CP Subsystem

The CP Subsystem is a component of a Hazelcast cluster that builds a strongly consistent layer for a set of distributed data structures. The CP Subsystem withstands network partitions, server failures, and client failures.

CP Subsystem APIs can be used for the following:

Implementing distributed coordination use cases, such as leader election
Distributed locking
Synchronization
Metadata management

CP data structures

Data structures in the CP subsystem always maintain linearizability and prefer consistency over availability during network partitions. These data structures are CP with respect to the CAP theorem.

The CP Subsystem supports the following Hazelcast data structures:

By default, CP data structures operate in unsafe mode. You must configure your cluster with CP members to benefit from the strong consistency guarantees of the CP Subsystem.

CP members

Because CP data structures do not maintain large states, not all members of a Hazelcast cluster need to take part in the CP Subsystem. The members that do take part in the CP Subsystem are called CP members.

To enable the CP Subsystem, you need to configure the number of CP members in the cluster. When a cluster is configured with N CP members, the first N members to start form the CP Subsystem.

After the CP Subsystem is initialized, more CP members can be added at runtime and the number of active CP members can go beyond the configured CP member count. The number of CP members can be smaller than the total size of the Hazelcast cluster. For example, you can run 5 CP members in a Hazelcast cluster of 20 members.

CP members can also contain data for AP data structures, such as map and set.

When a member becomes a CP member, it generates an additional UUID that other CP members can use to identify it. You will see this CP UUID in the following places:

Requests to REST endpoints in the CP group
Responses from REST endpoints in the CP group
Member logs
Management Center

Unsafe mode

When a cluster is not configured with CP members, the CP Subsystem is disabled and any CP data structures operate in unsafe mode.

In this mode, the following restrictions apply:

CP data structures use partitioning and lazy replication mechanisms instead of the Raft consensus mechanism.
CP Subsystem management APIs are not available.
Split-brain protection is not supported.

Unsafe mode does not provide strong consistency guarantees. For example, when you increment an atomic long in unsafe mode, even though you may receive a success response, operations such as increments can be lost if a member fails.
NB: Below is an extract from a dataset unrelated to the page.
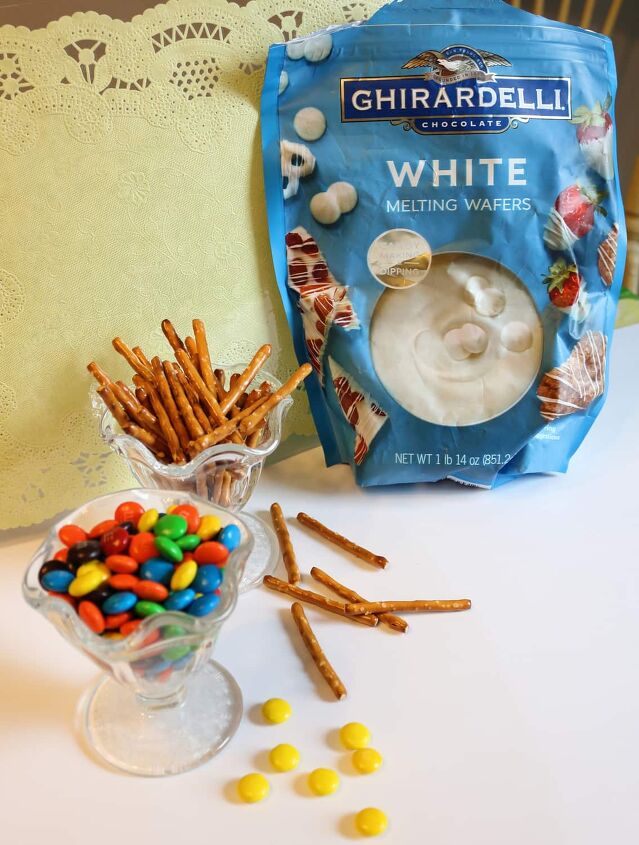 bacon and egg pretzels, ingredients white chocolate melting wafers pretzel sticks and M Ms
As a result, unsafe mode is only suitable for development or testing.

CP groups

CP data structures are stored in CP groups. The CP Subsystem includes two CP groups by default:

DEFAULT: The default group that CP data structures are stored in when no group name is specified. See CP data structures.
METADATA: An internal CP group that is responsible for managing CP members and CP groups. This group is initialized during cluster startup when the CP Subsystem is enabled.

Majority and minority

Operations in the CP Subsystem are committed and executed only after they are successfully replicated to the majority of CP members in a CP group. As a result, a CP group must maintain a majority of CP members to continue working.
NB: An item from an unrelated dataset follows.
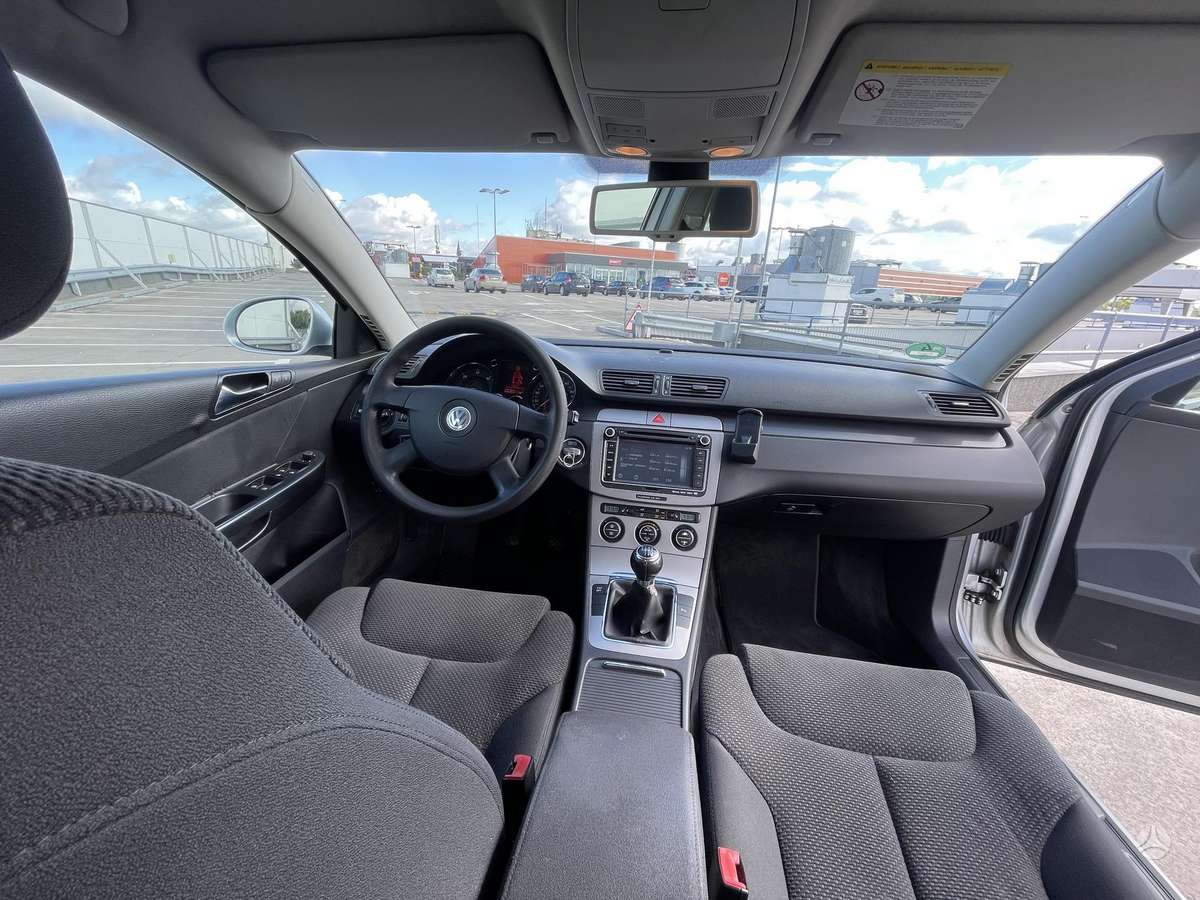 Volkswagen Passat - 12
For example, when 6 accessible CP members are available and the configured CP member count is 7, the minority is 3 members and the majority is 4 members.
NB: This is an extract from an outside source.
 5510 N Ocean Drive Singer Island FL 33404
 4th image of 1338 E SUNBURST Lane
To configure the number of CP members that participate in a group, use the group-size option.

Leaders and followers

Each CP group elects its own leader, which runs the Raft consensus algorithm. All other CP members in the group then become followers.

A CP group leader is responsible for handling incoming requests from callers — Hazelcast members or clients — and replicating those requests to follower members. To maintain the authority of the leader and to help lagging CP group members to make progress, each CP group uses internal heartbeats.

Each CP member can participate in more than one CP group. However, if a CP member is the leader of too many CP groups compared to other CP members, it can turn into a bottleneck. Therefore, the CP Subsystem runs a periodic background task to try to make sure that each CP member is a leader for an equal number of CP groups. For example, a cluster has three CP members and three CP groups, each CP member becomes the leader for only one CP group. If one more CP group is created, then one of the CP members becomes the leader for two CP groups.

You can give CP members a priority rating to affect their chances of becoming a leader, or configure them to transfer leadership to another member if elected. See Configure leadership priority and Configure members to transfer leadership.

CP sessions

For CP data structures that involve resource ownership management, such as fenced locks or semaphores, sessions are required to keep track of the liveness of callers.

A caller initially creates a session before sending its first request to the CP group, such as to acquire a fenced lock. After creating a session on the CP group, the caller stores its session ID locally and sends it alongside its session-based operations. A single session is used for all lock and semaphore proxies of the caller.

When a CP group receives a session-based operation, it checks the validity of the session using the session ID information available in the operation. A session is valid if it is still open in the CP group.

An operation with a valid session ID is accepted as a new session heartbeat.

To keep its session alive, a caller commits a periodic heartbeat to the CP group in the background.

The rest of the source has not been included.